穏やかな笑顔とメガネ姿で、さまざまな映画やドラマに出演してきた矢柴俊博。良き父親から陰湿な悪役までこなす、名バイプレイヤーである彼が、初の主演映画『本を綴る』公開を機に、自身のキャリアを振り返ってもらいました。


裏方志望から始まった俳優人生

――幼い頃の夢は?

 学校の先生になりたかったです。当時流行していた「熱中時代」「3年B組金八先生」といった学園ドラマの影響もありましたし、その後にお世話になった中学校の先生の影響も大きかったですね。

――そこから、俳優を目指すようになったきっかけは?

 その後も、いろんなドラマを見るようになって、「北の国から」や「ふぞろいの林檎たち」の再放送を見たのがきっかけで、まずは脚本に興味を持つようになりました。
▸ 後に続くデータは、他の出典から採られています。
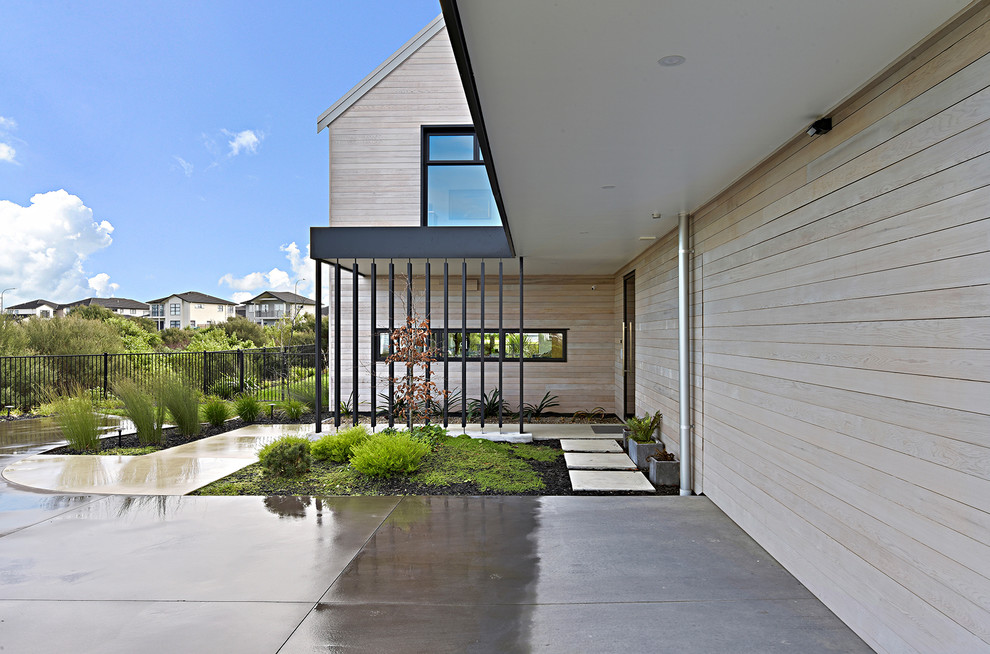 Идея дизайна: огромный, двухэтажный, деревянный, серый частный загородный дом в стиле модернизм с двускатной крышей и металлической крышей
それで「ふぞろい~」の脚本家だった山田太一さんのシナリオ本を読んだりして、山田さんにはファンレターも出しました。

 その後、高校生になると、銀座の映画館で映画をたくさん観るようになって、ジム・ジャームッシュのような監督にも憧れるようになりました。

――早稲田大学に入学し、演劇サークルに入られますが、そのときも脚本や演出をやられていたのですか?
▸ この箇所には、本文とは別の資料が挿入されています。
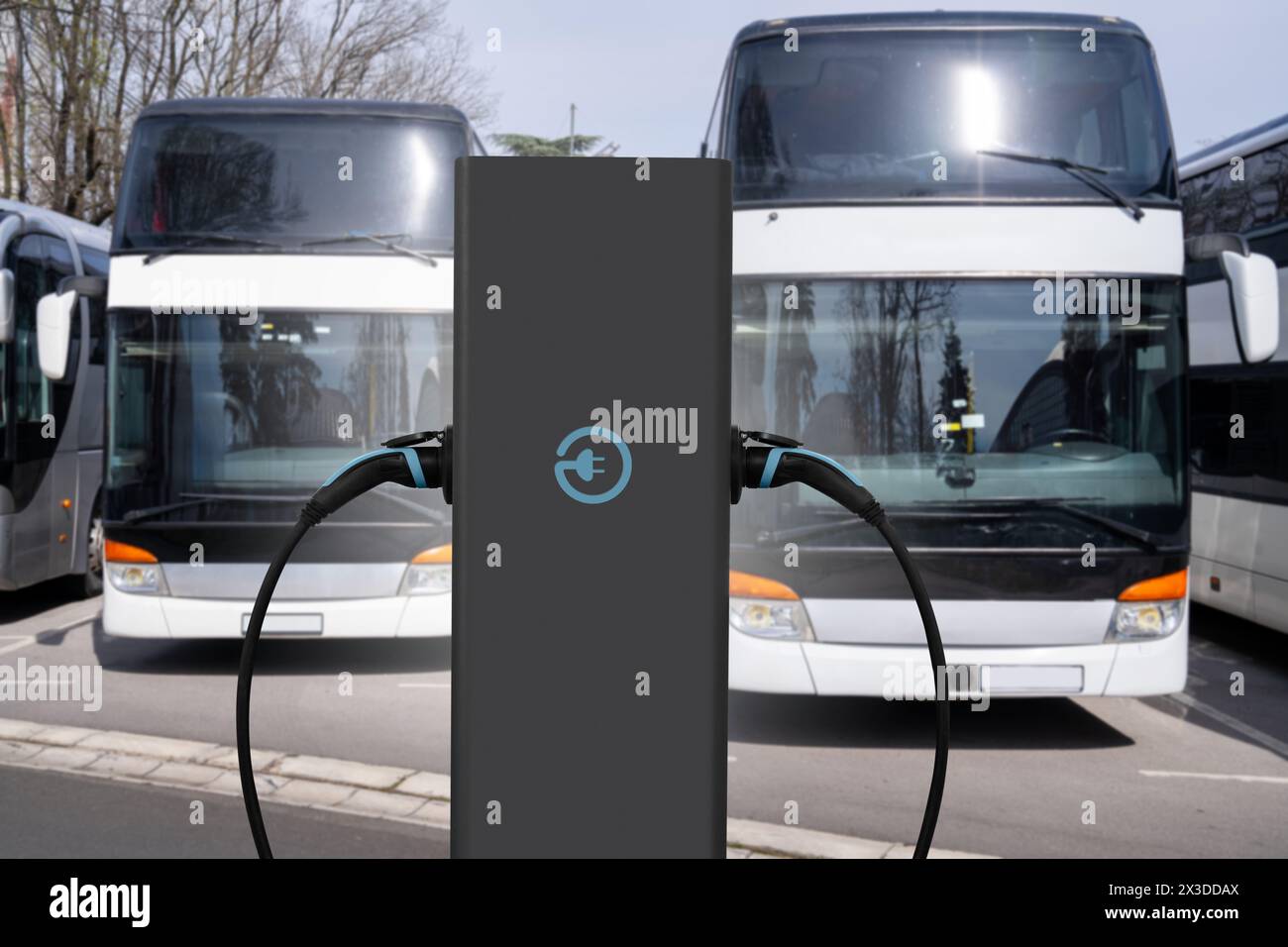 Autobus elettrici con stazione di ricarica Foto Stock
 1年生のときは、脚本・演出をやっていました。それがだんだんペンを使って世界を表現したり、台本片手に誰かに指示するというより、「自分の身体を使って、直接演じた方が得意だ」ということに気付き始めました。

 その延長として、パントマイムについても勉強しました。演劇をやっている頃は演技をすることで、お金をもらえるなんてことはまったく考えられませんでしたね。小屋(劇場)を借りるなり、美術を作るなり、自分が出費するのが当然のことでしたから。